Brazil Makes Major Offer to the World
Here is another update from National Wildlife Federation staffer Barbara Bramble who is in Bali, Indonesia at the climate talks. I was especially touched by the story of Almir Surui, the indigenous leader of one of the Amazonian tribes, who is experiencing climate change in his region. "I feel like I’m being asked to pay the restaurant bill but I didn’t eat the duck," he said.
Dec 13, Bali Indonesia – Thursday night, very late
We’re trying to get some sleep before the real battle begins to finalize some sort of document to come from Bali.
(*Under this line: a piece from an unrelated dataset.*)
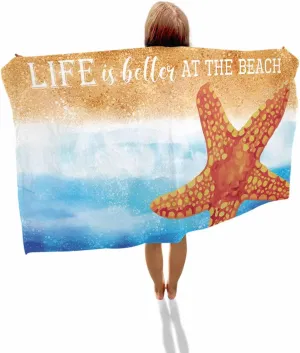 Quick-Drying Microfiber Beach Towel, Coastal Beach Theme Soft Absorbent Bath Shower Towels, Watercolor Starfish Lightweight Portable Towel/Blanket for Travel/Swimming Pool/Camping/Yoga/Gym，35x70 Inch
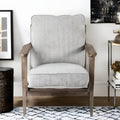 31" Light Gray and Brown Fabric Lounge Chair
The negotiations are still going on now (midnight) and will resume tomorrow, perhaps going all night on Friday. This seems to be traditional, but not very adult behavior!
Meanwhile, Brazil yesterday made a major offer to the world – they fleshed out their ideas on how the avoided deforestation fund they have been talking about would actually work. They are offering is to take a "baseline" national deforestation rate (that is the word that most developing countries had refused to utter in public up til now) calculated as the average forest loss over the last 10 years. (Keep in mind that this includes the last 3 years, which already is a big reduction from the bad old days.) They will then set a target to reduce deforestation below that level over time, toward an eventual goal of zero. For the first 5 years, they have calculated their baseline at 1.95 million hectares per year. They have calculated the carbon dioxide equivalent per hectare at 100 tons, which is very conservative. For each year, they would calculate the real deforestation rate, after the figures are in, and compare it to the 1.95 million hectare baseline. If they had succeeded in reducing deforestation below that figure, they would ask for donations from friendly countries and companies in the amount of $5/ton for the avoided emissions. After the first 5 year period they would recalculate the baseline, and bring it down in increments, each 5 year period. The minister said they would aim for major reductions by 2020, and eventually reach zero.
Apparently, this was well received by the other countries, though it hasn’t helped the US to budge on the major sticking point – whether to have any "range of reductions" in the Bali Roadmap. The Europeans are asking for an "indicative range" of 25-40% reductions by industrial countries below 1990 levels by 2020, because that is what the IPCC says is necessary to stay below the danger zone of 2 degrees Celsius of global warming. The US says that to include any numbers at all at this stage is to pre-judge the outcome of the next two years of negotiations.
As you may have read in AP and Reuters stories today, there was quite a confrontation between the French and Germans versus the US over this yesterday. They both said that if there isn’t a strong plan for the 2-year negotiations coming out of Bali (the "roadmap") then there isn’t any reason to have those Major Economy meetings that the Bush Administration is so fond of. They essentially threatened to boycott them if the US doesn’t allow the 25’40% range into the final document here.
I just had a quick discussion with Brice Lalonde, the head of the French delegation in our hotel garden. He seemed frankly torn about what to do as the negotiations move into the end game tomorrow. The choices are: to accept the US strong arm tactics, and leave Bali with no target zone for reductions (the 25-40 % range, mentioned above, that would be the heart of the negotiations over the next two years toward a final post 2012 agreement), or to say "no numbers no deal" and blow up the Bali session.
Well we’ll see tomorrow night. The final session may go on into the night as they hash this out.
Today, at a side event organized by IUCN I spoke on biofuels, giving an update on the Roundtable on Sustainable Biofuels, especially the status of work on how to calculate the GHG emissions of the feedstocks. The huge problem the scientists are finally grappling with is that biofuels can cause deforestation directly, if land is cleared to grow them, or they may cause deforestation indirectly, if increased demand for crops leads to deforestation in some other location. Depending on how you count, this deforestation may cause biodiesel to have 6 – 20 times MORE GHG emissions than regular diesel. It’s a big dilemma for all biofuels coming from developing countries. The event was organized as an interactive session, with small groups posing research questions for IUCN’s new program on biofuels. Very well attended.
I learned a great phrase from Almir Surui, the indigenous leader of one of the Amazonian tribes, today. He came from Brazil Amazon to talk about how tribes have preserved more than 20 % of the Amazon from deforestation (all other kinds of protected public lands like national parks amount to another 12% in preserved status). There are already noticeable effects of climate change on his region of the Amazon, particularly rivers that are drying up for months at a time. Since that is their main mode of transportation, it’s devastating. He said he feels like he is "being asked to pay the restaurant bill but he didn’t eat the duck."
At a reception for Mayor Bloomberg, I met one of the UK delegates to whom I had given a stress ball several days ago. He still had it in his pocket for instant use, and said it was "the best piece of marketing at this conference"!
The youth delegates gave out 200 more balls today, with fact sheets, and one was given to the Environment Minister of Norway. I wasn’t there to get a picture, but we are so proud of the Sustain US "kids".